There are limitations to our study. The addition of ancillary procedures to the breast will invariably increase the opioid requirements. When performing these revision procedures, the concentration of the local anesthetic utilized in the ESP block was diluted to allow greater volumes and further spread of the local anesthetic. It was unclear whether the anesthetic was able to diffuse cranially to cover the breast. There is also the possibility that the resultant pain control may have been decreased because of inadequate coverage of the breast and/or abdominal dermatomes. On our initial analysis, there was a similar percentage of patients in each group who had additional revisions of their breast reconstruction at the time of fat grafting. There was variability in the procedures performed and the amount of additional stimulus evoked. Because of these limitations, we did perform a post hoc analysis of patients undergoing fat grafting alone. This would eliminate any additional pain stimuli to the breast and attempt to better evaluate the abdominal analgesia provided by ESP block and TLA. There was still not a significant difference in opioid requirements in the perioperative period between the ESP block and TLA.

Another limitation is that we were unable to adequately assess the patient’s pain control on the following day. Our study demonstrates equivalency between TLA and ESP block during the immediate perioperative period.

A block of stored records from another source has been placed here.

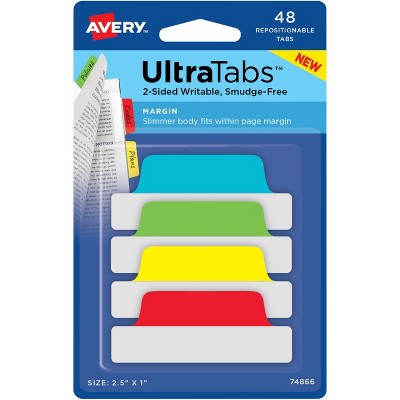 Avery Tabs Repositionable 2-Sided 2-1/2"x1" 48/PK AST 74866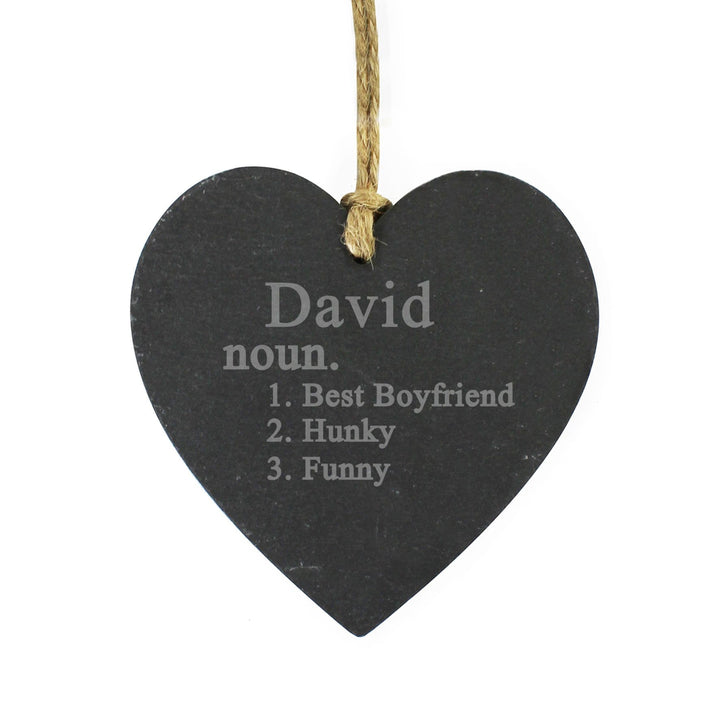 Personalised Memento Slate Personalised Word Definition Slate Heart Decoration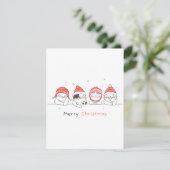 Vrienden met prettige kerstKatten Feestdagenkaart (Staand voorkant)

Tumescent anesthesia is slowly absorbed, providing continued analgesia up to 18–24 hours, whereas ESP blocks utilizing ropivicaine may last as little as 7–8 hours. TLA may demonstrate superiority to ESP block when assessing the pain control at postoperative day one. A randomized, controlled study would be necessary to address these shortcomings.

This was a retrospective analysis in which blinding was not able to be performed. There was no proscribed limit to the amount of opioid medications or multimodal analgesia that was allowed in these patients. While standard multimodal analgesics were used routinely, we cannot unequivocally say that the same multimodal regimen was used in each anesthetic. Nonstandard adjuncts such as dexmedetomidine, ketamine, acetaminophen, beta blockade, or other modalities known to have minor effects on pain control may further complicate the primary outcome measure of morphine equivalent dosing within the perioperative period.